History recounts what was. Science describes what is. Ethics states what should be. But literature—while it certainly can include history, science, and ethics—can create what never was and what cannot be. It can describe imaginary worlds, rewrite the past, invent the future—or a hundred or a thousand of each.
It has been said that fiction is the highest form of truth because it is not chained to events the way history is. A literary work can explore a historical event by positing a better or a worse outcome, by inverting the winner and the loser of a conflict, by rearranging allies and foes, or by inventing beings from another planet who serve as foils to the follies of the human race. All of this taking liberties with reality serves to stimulate our thinking in new ways, along new pathways, and to the clearest, purest truth. And simply stretching the imagination feels so good.
So, if I had been the TA that day, what should I have said to the student who objected to reading Macbeth? “Macbeth really is about you. I’ll help you understand how”? or “It’s not about you? That’s why you should read it, to learn about other people and other ideas beyond your experience”? or “Come on. It’ll be fun”? or “Here, read this essay”? I hope that student eventually discovered the riches and wisdom—and enjoyment—packed into all those old books. Scowling at what used to be called the modern classics is, quite frankly, self-limiting. I hope you won’t make that mistake.

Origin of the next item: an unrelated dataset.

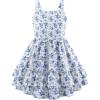 Arshiner Girls Cami Summer Dress Boho Sleeveless Casual Sundress with Pockets for 4-12 Y(Blue Floral)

P.S. Consider this essay an argument in favor of reading DWEWs (Dead, White, European, Women), too. There is much to gain by reading Jane Austen, Mary Shelley, George Eliot (Mary Ann Evans), Charlotte Bronte, Emily Bronte, Ann Radcliffe, and many others.
P.P.S. These books are called modern classics because the ancient classics refer to writers such as Plato, Aristotle, Cicero, Marcus Aurelius, Seneca, and so on. Those authors are also well worth reading carefully.